It was such a surreal feeling, driving into the parking lot of my old facility. Like being a visitor in my old home. It was Christmas day and I had promised the residents that I’d spend the afternoon with them. Truth be told, it was as much for me as it was for them. I missed them. These past few weeks have sent me adrift and I needed the reminder of what started me on this caregiving path in the first place.
“ALICE! You’re BACK!” Shouts and greetings that warmed my heart and healed my spirits from residents and co-workers bounced from the walls. I felt at home, as if I never left.
In that moment, I remembered how much I once loved working in that facility. The challenge of having to solve problems in a moment’s notice, the constant testing of my every limit, the ability to look at someone I’m training in the eye and tell them that this is a tough gig if you do it correctly but if you’re open to it, this will be the one of the most worthwhile experiences in your life. I loved all of that. I found it endlessly challenging.

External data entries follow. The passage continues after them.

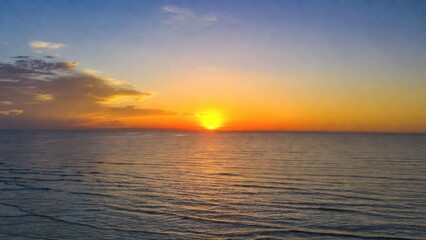 Naklejka premium Bright sun lowering above tranquil ocean with gentle ripples.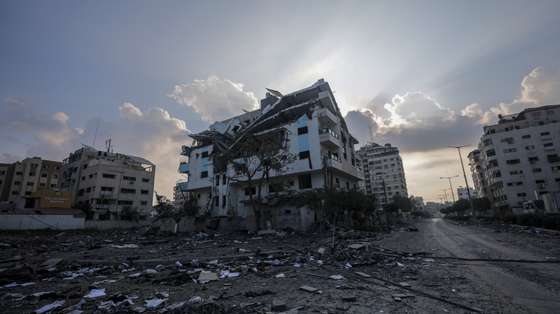 epa10918252 An area with heavily damaged and destroyed buildings is deserted after residents of Gaza City began to evacuate following an Israeli warning of increased military operations in the Gaza strip, 14 October 2023. The Israeli Defense Force (IDF) on 13 October had called for the evacuation of all civilians of northern Gaza ahead of an expected ground invasion.  EPA/MOHAMMED SABER
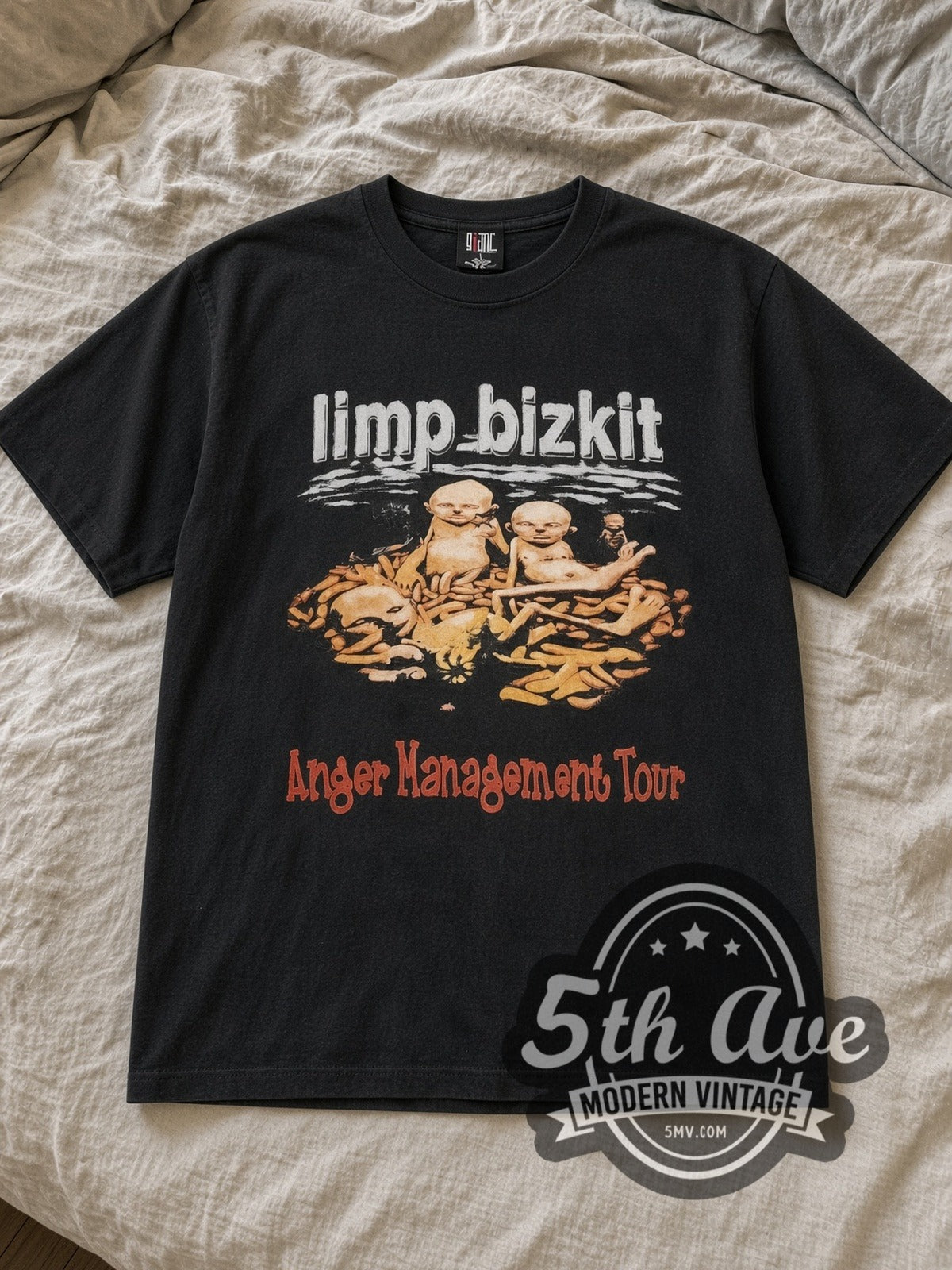 Black Limp Bizkit Anger Management Green Leaf Eminem Papa Roach Vintage Band T-Shirt laid flat on a linen bed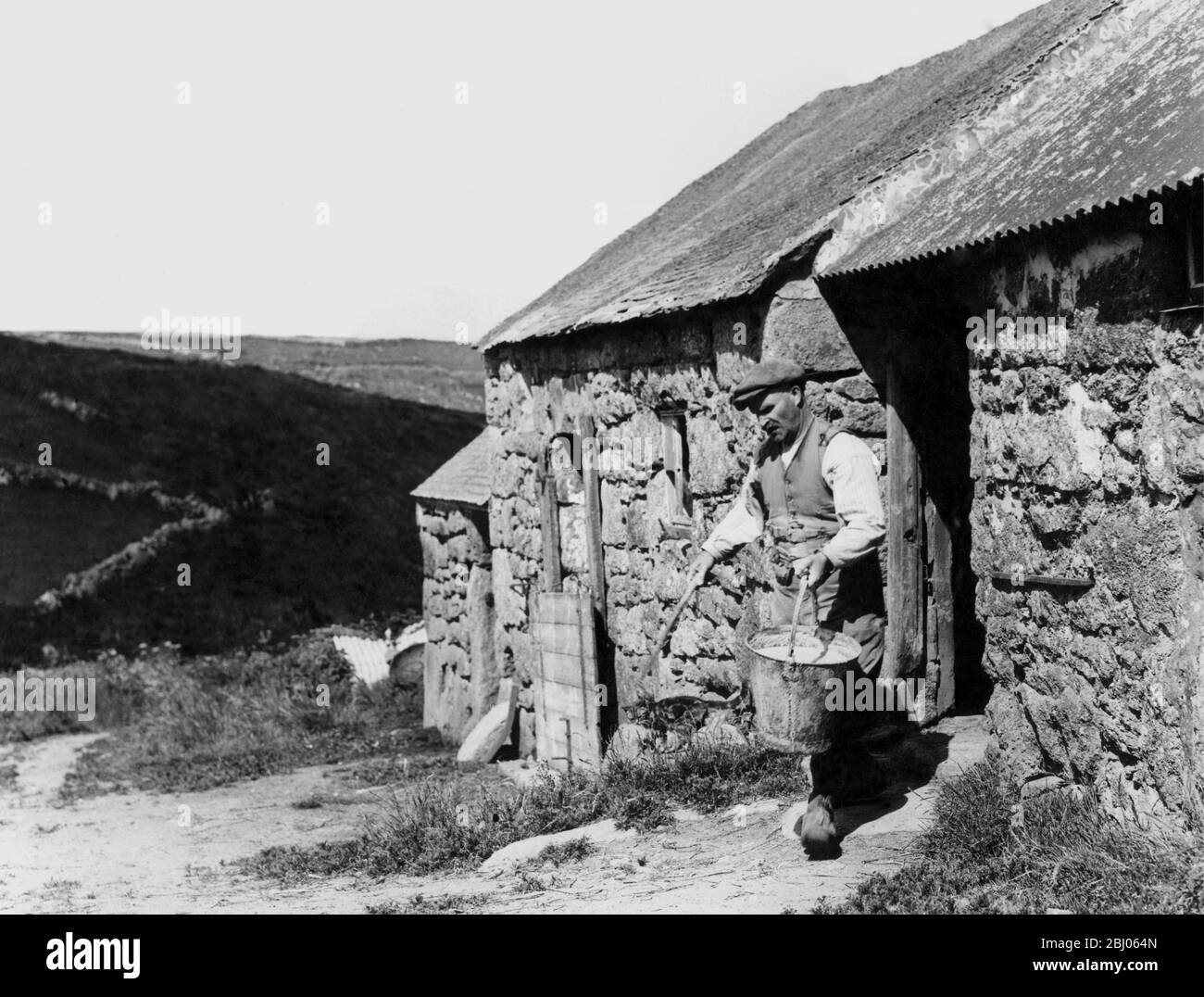 Ein Hügelbauer, der einen Eimer Schweineblauch herausbringt, Cornwall 1936. - die dreißiger Jahre waren eine schlechte Zeit für die englische Agrarkultur; viele Schriftsteller kommentierten das heruntergefallene Gebäude und verfallene, von Unkraut befallene Felder. Stockfoto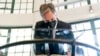 Secretary of State Antony Blinken signs a condolence book at the August 7 Memorial in Nairobi, Kenya, Nov. 17, 2021, which is one of the sites of the 1998 United States embassy bombings that left hundreds of people dead.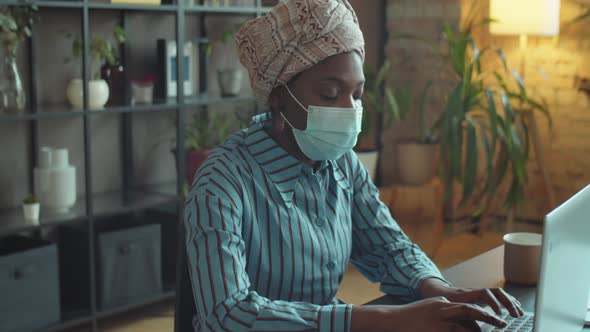 Black Businesswoman in Mask Working on Laptop in Office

My greatest joy are the people. These interesting, difficult, demanding, funny, people who became my friends over the years; who have more wisdom in one pinkie than the rest of us have combined. How I’ve missed the stories. It’s safe here.
Suddenly my reasons for leaving seemed so remote; the pain and financial struggle and inability to blindly accept the status quo seemed a dim memory compared to the joy I took in my work. My etch-a-sketch mind quickly erased the rough edges of the actual working conditions and replaced it with a smooth and calm mental image of a reality that never existed.
In this time of upheaval, the familiarity of my old job is appealing. I know my residents, their preferences and routines. It would be so easy for me to just turn back. As tempting as that thought may be, I know it’s the wrong answer. It broke my heart to walk away the first time. It would just be harder to do it again in a year. Or two. Or three.
No. There is no going back. I don’t know where this new experience is going to lead me, but I have to believe that it’s not back to the starting gate. I have to believe that it’s leading me forward. Besides, my residents are what bring my life a deeper depth; a wealth of experience. That connection can happen just as easily over a cup of coffee as it can by punching the clock.